Martha Altman (later Shelley) was born on December 27th, 1943, in Brooklyn, New York, to Jewish parents of Russian and Polish descent. At 17, she joined the first all-female judo class in New York City, and struck up a romantic relationship with one of her classmates. At 18, she started going to demonstrations against the Vietnam War.
In November 1967, Martha attended her first meeting of the New York chapter of the Daughters of Bilitis (DOB), later becoming one of the officers. Because of FBI surveillance, DOB members were advised to take aliases. Altman took Shelley as a temporary alias, and ended up keeping it.
On the night of the Stonewall riots, Martha was giving a tour of Greenwich Village to two women who planned to start a DOB chapter in Boston. Recognizing the importance of the riots, Martha contacted DOB and the Mattachine Society, and proposed a protest march. Her proposal was accepted; the march took place within the month. Out of this energy, she helped found the Gay Liberation Front – then quickly segued to issues within the women’s movement, as an organizer of the infamous Lavender Menace ‘zap’ of the Second Congress to Unite Women in May 1970 – an event that by many accounts altered the course of the women’s movement forever.
In subsequent years, Martha poured her energy into countless media, literary and journalistic projects. She produced the radio show Lesbian Nation on New York’s WBAI radio station, contributed to the 1970 anthology Sisterhood is Powerful, helped run the Women’s Press Collective, and wrote countless works including Crossing the DMZ, a collection of her poetry, and Haggadah: A Celebration of Freedom. Her poetry has appeared in Ms. Magazine and other publications. Currently she is at work on the last novel of her trilogy about Jezebel, queen of ancient Israel. In 2010, Martha also appeared in Stonewall Uprising, part of the PBS documentary series American Experience. Along the way, she found the time and love to co-parent two sets of children.
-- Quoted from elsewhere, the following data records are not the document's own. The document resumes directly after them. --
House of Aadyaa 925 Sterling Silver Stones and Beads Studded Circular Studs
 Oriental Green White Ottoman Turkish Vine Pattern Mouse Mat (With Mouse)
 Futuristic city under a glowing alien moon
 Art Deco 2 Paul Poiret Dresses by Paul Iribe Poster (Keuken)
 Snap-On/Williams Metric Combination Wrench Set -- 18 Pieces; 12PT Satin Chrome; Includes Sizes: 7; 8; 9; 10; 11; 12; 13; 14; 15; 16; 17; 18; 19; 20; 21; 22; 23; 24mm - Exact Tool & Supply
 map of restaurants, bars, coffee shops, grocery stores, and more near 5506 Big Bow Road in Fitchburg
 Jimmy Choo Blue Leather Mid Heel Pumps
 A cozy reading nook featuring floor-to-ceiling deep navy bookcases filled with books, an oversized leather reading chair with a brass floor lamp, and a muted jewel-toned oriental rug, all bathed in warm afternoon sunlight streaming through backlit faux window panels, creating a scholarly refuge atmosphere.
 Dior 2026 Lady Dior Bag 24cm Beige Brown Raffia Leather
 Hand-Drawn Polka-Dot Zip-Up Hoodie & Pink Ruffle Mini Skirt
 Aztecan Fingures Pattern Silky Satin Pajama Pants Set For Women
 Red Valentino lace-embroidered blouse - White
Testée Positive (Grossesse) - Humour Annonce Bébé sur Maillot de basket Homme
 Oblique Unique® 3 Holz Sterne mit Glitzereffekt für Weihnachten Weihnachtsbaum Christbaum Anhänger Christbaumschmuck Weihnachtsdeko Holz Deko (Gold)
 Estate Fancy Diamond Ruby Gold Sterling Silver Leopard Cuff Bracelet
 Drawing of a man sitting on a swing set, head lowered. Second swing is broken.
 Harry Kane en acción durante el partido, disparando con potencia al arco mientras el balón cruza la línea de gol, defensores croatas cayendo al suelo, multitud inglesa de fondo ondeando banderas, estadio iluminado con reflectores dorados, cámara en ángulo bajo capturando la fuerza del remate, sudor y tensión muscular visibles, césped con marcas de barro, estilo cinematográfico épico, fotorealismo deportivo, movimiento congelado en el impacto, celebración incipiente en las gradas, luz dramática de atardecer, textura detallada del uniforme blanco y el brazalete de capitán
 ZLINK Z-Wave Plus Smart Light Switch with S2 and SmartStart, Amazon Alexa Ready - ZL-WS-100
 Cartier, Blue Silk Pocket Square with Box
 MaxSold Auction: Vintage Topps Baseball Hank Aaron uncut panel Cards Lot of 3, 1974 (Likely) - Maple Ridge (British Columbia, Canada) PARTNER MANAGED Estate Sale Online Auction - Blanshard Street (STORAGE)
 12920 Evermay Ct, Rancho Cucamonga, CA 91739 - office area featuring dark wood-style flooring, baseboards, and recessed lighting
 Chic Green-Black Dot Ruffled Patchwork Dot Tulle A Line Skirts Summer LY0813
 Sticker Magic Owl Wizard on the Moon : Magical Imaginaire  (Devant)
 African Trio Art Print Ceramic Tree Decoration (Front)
OUTWORDS interviewed Martha at the red-shingled cottage she shares with her wife in the St. Johns neighborhood of Portland, Oregon. The area around their house is designated a Portland Certified Backyard Habitat. Among the flowers and bushes is a Black Lives Matter sign. And in the side yard are two large water catchment tanks which Martha says could sustain her and her neighbors for several weeks in the event of a natural or manmade catastrophe. In her spare time she is teaching self-defense to a neighbor’s children.
Well into her 70s, Martha has found ways to sustain and adapt her activism; to keep it fluid, passionate, and humane.